For details on the spec-generator's internal architecture (scraping, caching, module structure), see `@markuplint/spec-generator`'s own documentation.

## Data Precedence Rules

When manual specifications and external data overlap:

| Data                | Source             | Precedence                  |
| ------------------- | ------------------ | --------------------------- |
| `contentModel`      | Manual spec only   | Highest (never scraped)     |
| `aria`              | Manual spec only   | Highest (never scraped)     |
| `globalAttrs`       | Manual spec only   | Highest (never scraped)     |
| `attributes`        | Manual spec + MDN  | Manual wins; MDN fills gaps |
| `description`       | MDN only           | MDN only                    |
| `categories`        | MDN only           | MDN only                    |
| `cite`              | Manual spec or MDN | Manual spec if provided     |
| Compatibility flags | Manual spec + MDN  | Manual wins; MDN fills gaps |

Key points:

- **Manual data always takes precedence** over MDN-scraped data
- For `attributes`, MDN-scraped attributes are added only when the manual spec does not define that attribute name
- Content models and ARIA mappings are never scraped -- they come exclusively from your `src/spec.*.json` files
- The `cite` URL defaults to the MDN page but can be overridden per element

**Attribute merge behavior in detail:**

1. **Attribute defined in spec file** -- MDN data (description, compatibility flags) is
   merged in, but spec-side values take precedence. For example, if the spec file sets
   `"deprecated": true` but MDN does not flag the attribute as deprecated, the spec
   value wins.
2. **Attribute exists only in MDN** -- Added to the element as-is with MDN metadata.
3. **Attribute exists only in spec file** -- Used as-is with no MDN augmentation.
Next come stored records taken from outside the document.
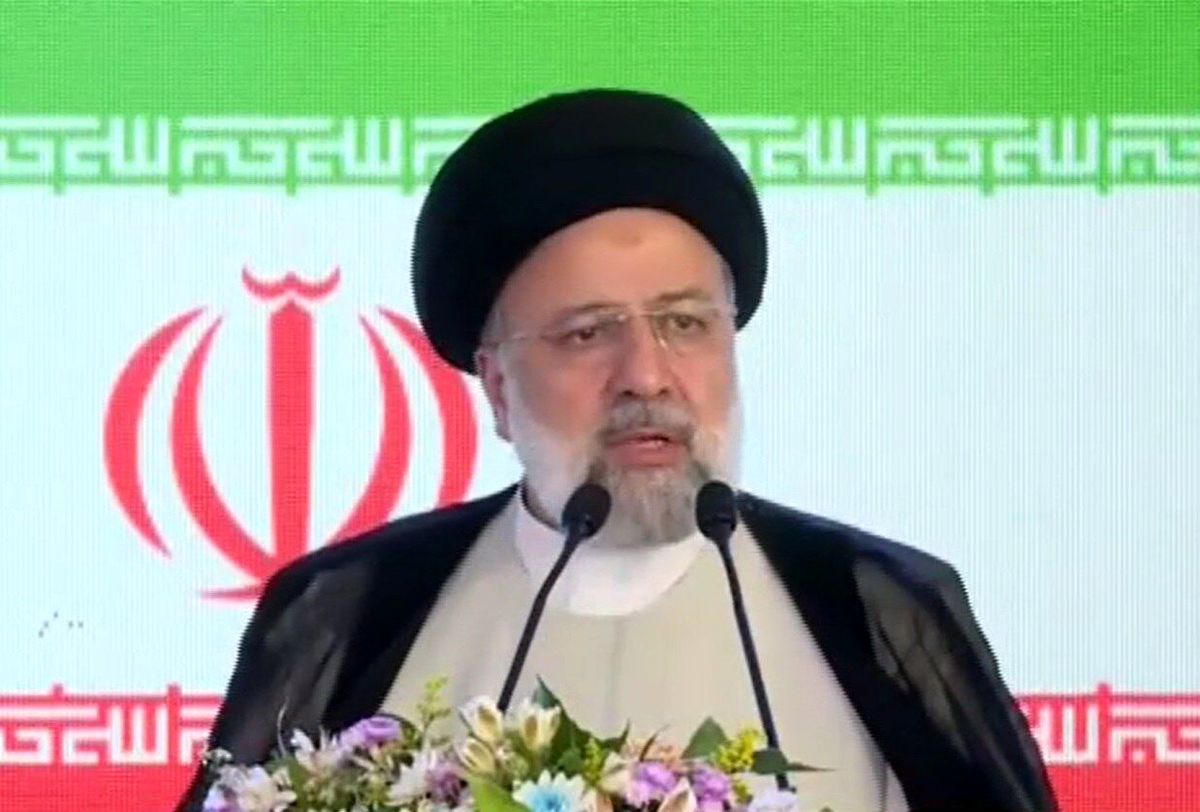 آمادگی ایران برای شراکت در پیشرفت کشور سریلانکا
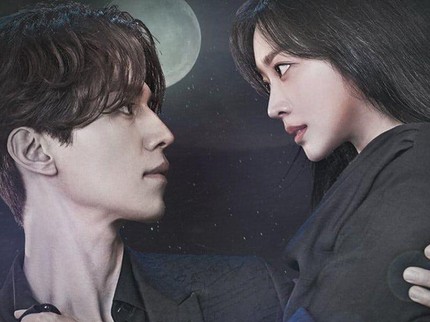 5 Drama Korea Romantis Tentang Mitos & Kisah Mitologi, Sayang Dilewatkan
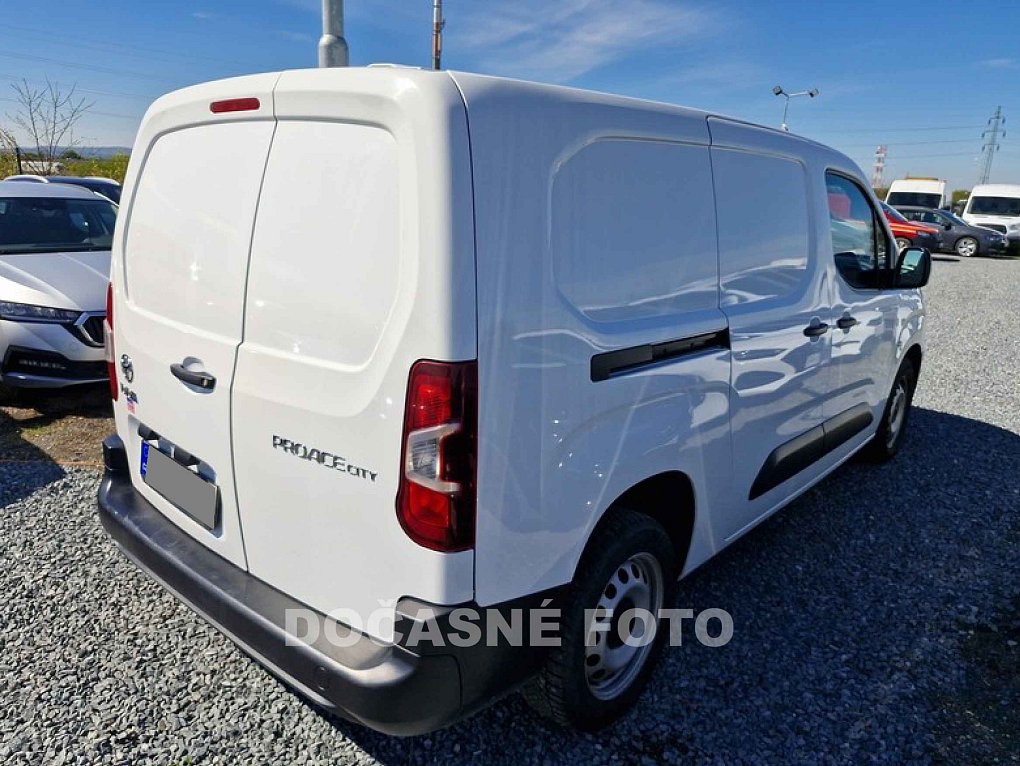 Toyota ProAce City 1.5D-4D  MAXi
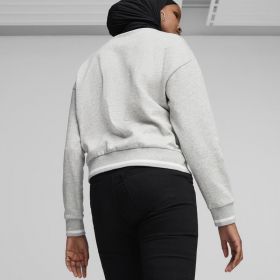 Bluza Puma Squad Crew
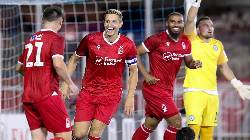 Nhận định, soi kèo Atromitos vs Nottingham, 19h00 ngày 6/12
## Generated Output Structure

The `index.json` follows the `ExtendedSpec` type from `@markuplint/ml-spec`:

```typescript
{
  cites: string[];           // Sorted list of all URLs fetched during generation
  def: {
    "#globalAttrs": { ... }, // 19 global attribute categories
    "#aria": {               // ARIA definitions per version
      "1.1": { roles, props, graphicsRoles },
      "1.2": { roles, props, graphicsRoles },
      "1.3": { roles, props, graphicsRoles }
    },
    "#contentModels": { ... } // Content model category macros
  },
  specs: ElementSpec[]       // Element specifications, sorted alphabetically (SVG after HTML)
}
```

- `cites` -- all fetched URLs, for traceability
- `def["#globalAttrs"]` -- from `spec-common.attributes.json`
- `def["#aria"]` -- scraped from W3C ARIA specifications
- `def["#contentModels"]` -- from `spec-common.contents.json`
- `specs` -- merged element specifications array

## Build Commands

| Command                                                 | Description                                       |
| ------------------------------------------------------- | ------------------------------------------------- |
| `yarn workspace @markuplint/html-spec run gen`          | Full generation (build + Prettier formatting)     |
| `yarn workspace @markuplint/html-spec run gen:build`    | Generation only                                   |
| `yarn workspace @markuplint/html-spec run gen:prettier` | Format `index.json` with Prettier                 |
| `yarn up:gen`                                           | Regenerate all spec packages from repository root |

The `gen` script runs `gen:build` then `gen:prettier` in sequence via `npm-run-all`.

## Exports

The package exports the data in two ways:

```json
{
  ".": { "import": { "default": "./index.js", "types": "./index.d.ts" } },
  "./json": "./index.json"
}
```

Consumers can import the typed wrapper or access the raw JSON via the `./json` subpath.